(Extracted data entries)

⁂

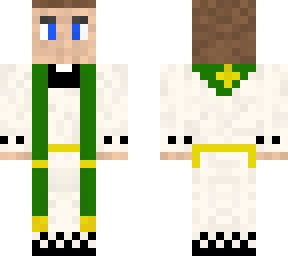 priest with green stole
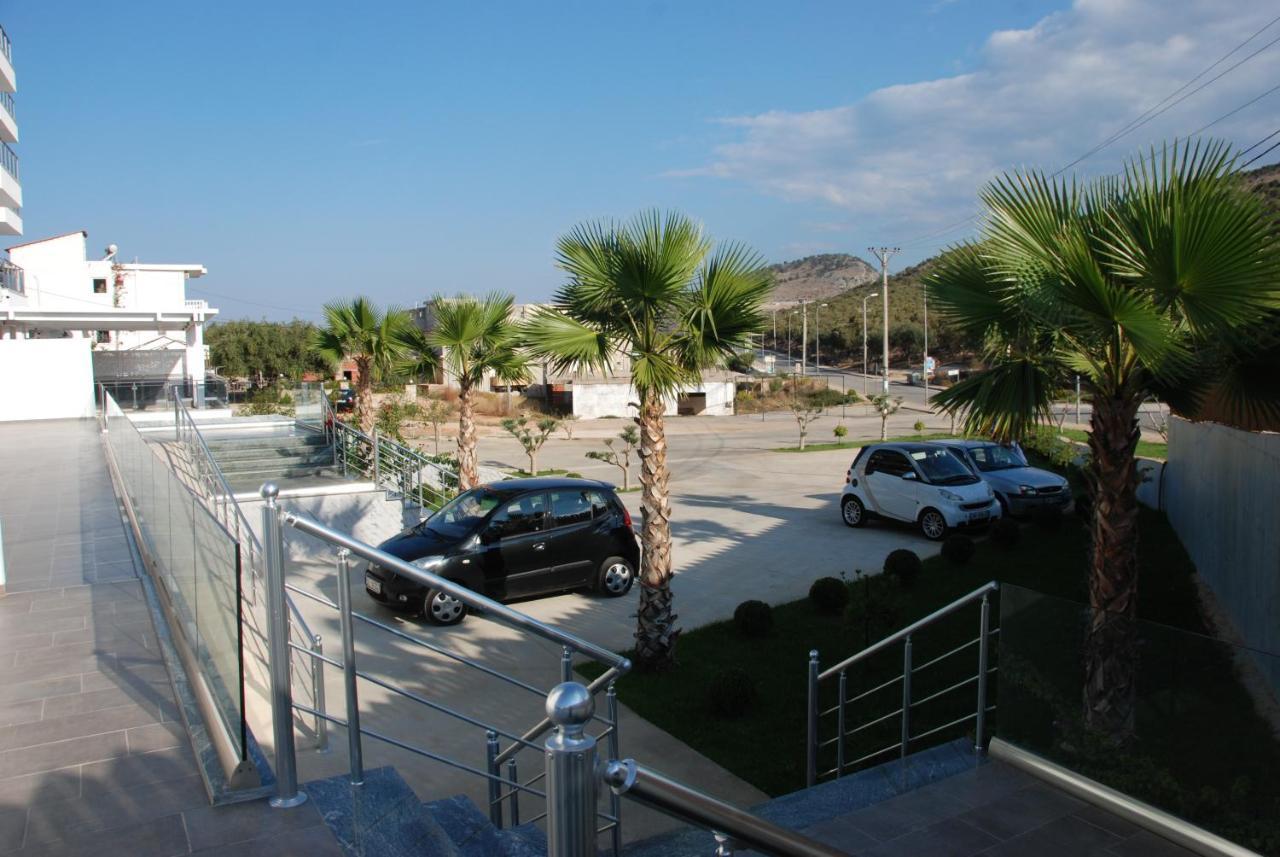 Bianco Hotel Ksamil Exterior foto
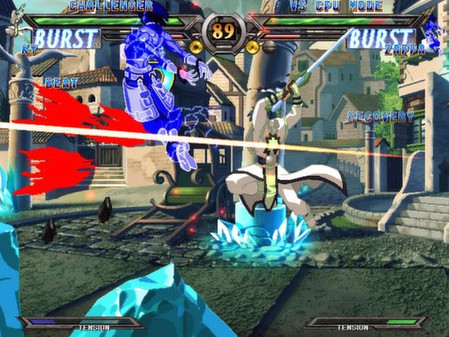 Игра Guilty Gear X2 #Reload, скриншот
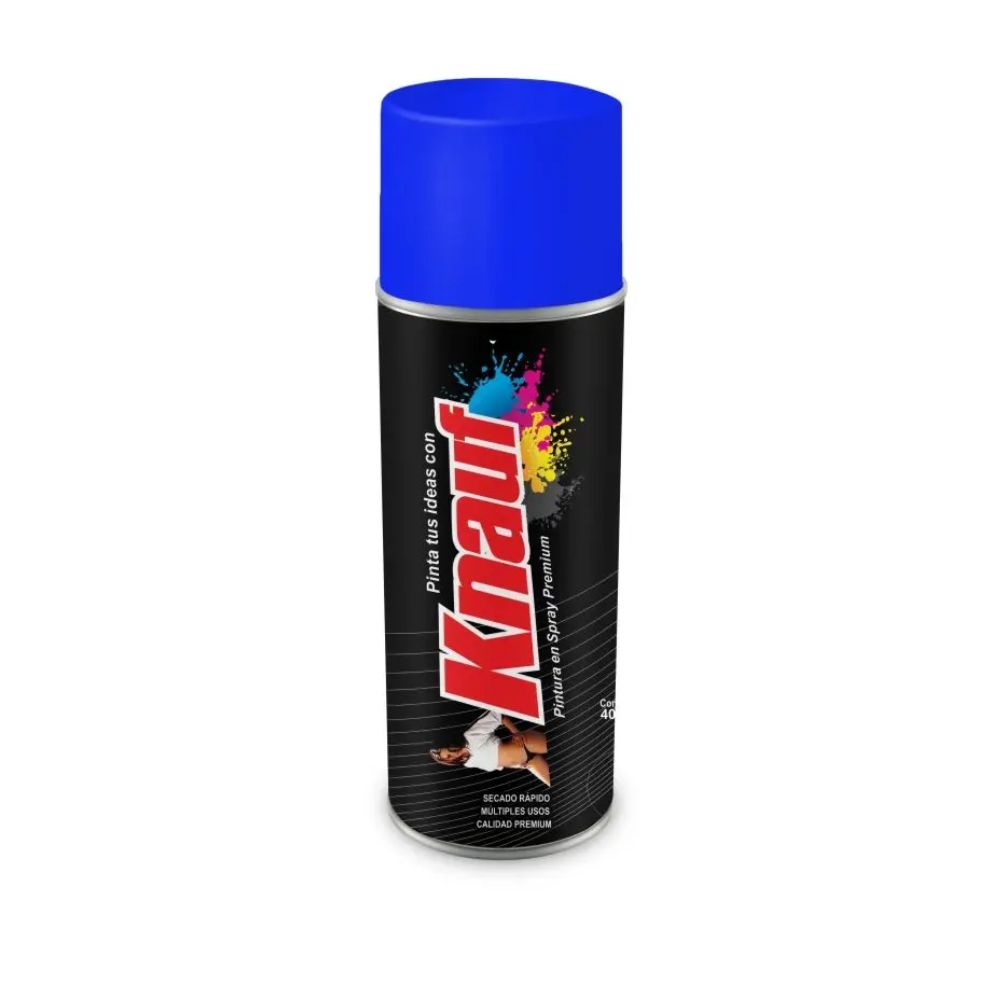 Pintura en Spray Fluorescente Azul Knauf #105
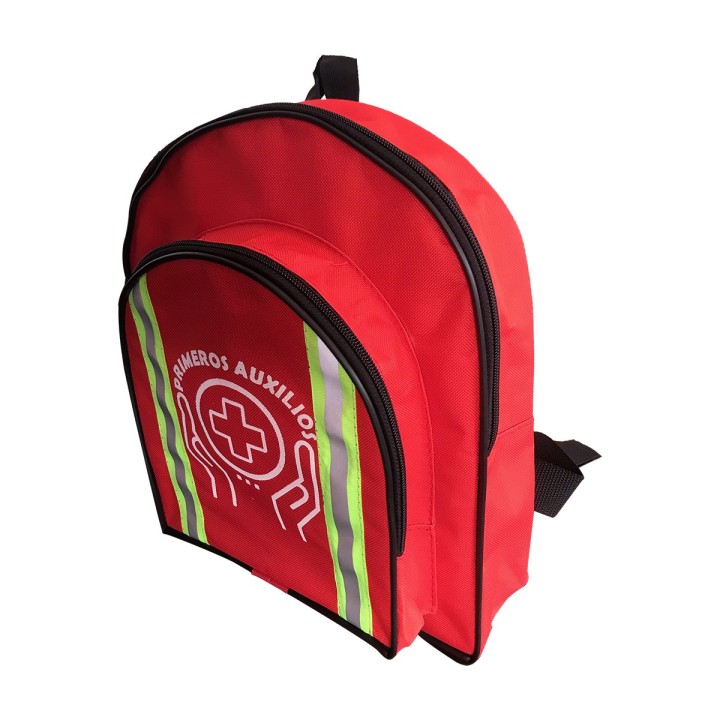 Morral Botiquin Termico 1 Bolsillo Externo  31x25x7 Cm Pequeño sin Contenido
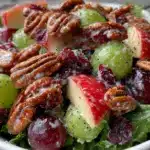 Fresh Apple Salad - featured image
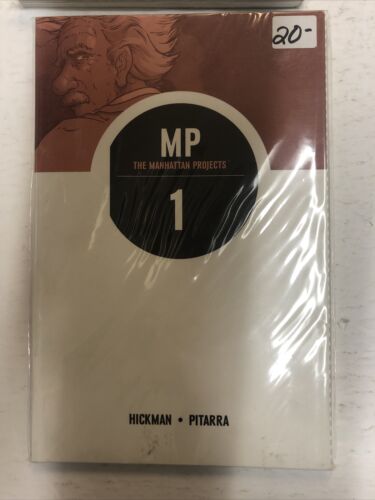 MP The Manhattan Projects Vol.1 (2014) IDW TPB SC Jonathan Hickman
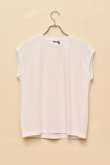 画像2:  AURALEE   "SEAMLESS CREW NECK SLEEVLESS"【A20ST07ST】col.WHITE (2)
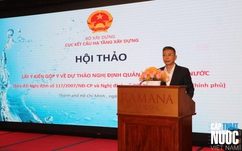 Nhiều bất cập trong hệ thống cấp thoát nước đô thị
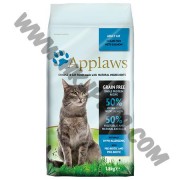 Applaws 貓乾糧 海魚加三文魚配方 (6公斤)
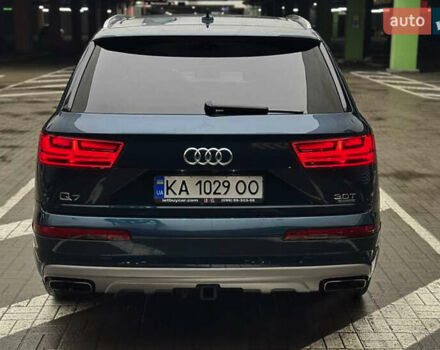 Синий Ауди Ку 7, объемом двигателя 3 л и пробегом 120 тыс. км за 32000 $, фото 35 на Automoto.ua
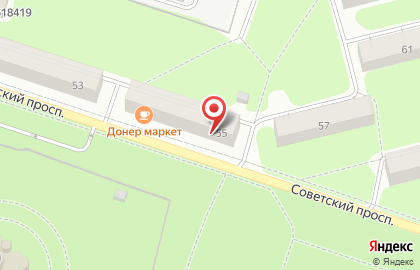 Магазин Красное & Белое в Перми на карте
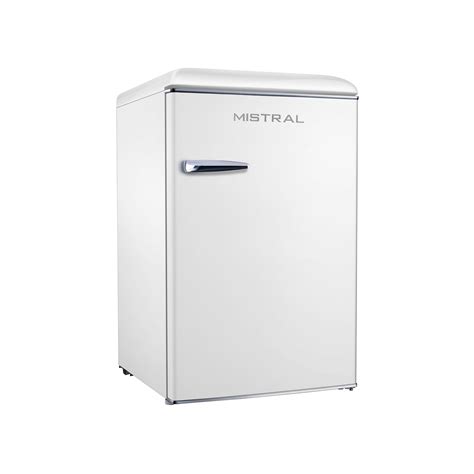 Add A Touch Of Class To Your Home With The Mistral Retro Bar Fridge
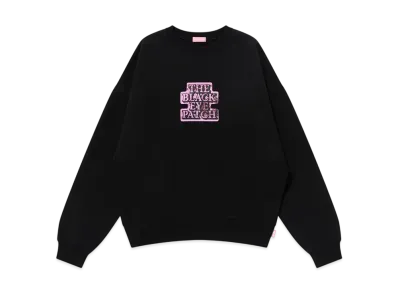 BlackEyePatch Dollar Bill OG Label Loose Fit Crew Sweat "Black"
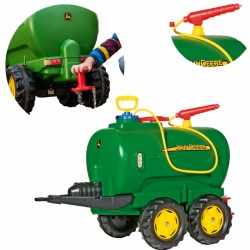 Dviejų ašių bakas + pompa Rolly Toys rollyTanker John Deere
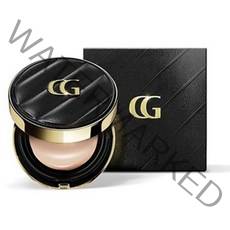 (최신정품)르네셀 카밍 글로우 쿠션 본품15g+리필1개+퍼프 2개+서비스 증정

⁂

Work required >>
Pictures don't belong in the copy. Transcribe every record exactly as it appears.

Completed task >>
 priest with green stole
 Bianco Hotel Ksamil Exterior foto
 Игра Guilty Gear X2 #Reload, скриншот
 Pintura en Spray Fluorescente Azul Knauf #105
 Morral Botiquin Termico 1 Bolsillo Externo  31x25x7 Cm Pequeño sin Contenido
 Fresh Apple Salad - featured image
 MP The Manhattan Projects Vol.1 (2014) IDW TPB SC Jonathan Hickman
 画像2:  AURALEE   "SEAMLESS CREW NECK SLEEVLESS"【A20ST07ST】col.WHITE (2)
 Nhiều bất cập trong hệ thống cấp thoát nước đô thị
 Applaws 貓乾糧 海魚加三文魚配方 (6公斤)
 Синий Ауди Ку 7, объемом двигателя 3 л и пробегом 120 тыс. км за 32000 $, фото 35 на Automoto.ua
 Магазин Красное & Белое в Перми на карте
 Add A Touch Of Class To Your Home With The Mistral Retro Bar Fridge
 BlackEyePatch Dollar Bill OG Label Loose Fit Crew Sweat "Black"
 Dviejų ašių bakas + pompa Rolly Toys rollyTanker John Deere
 (최신정품)르네셀 카밍 글로우 쿠션 본품15g+리필1개+퍼프 2개+서비스 증정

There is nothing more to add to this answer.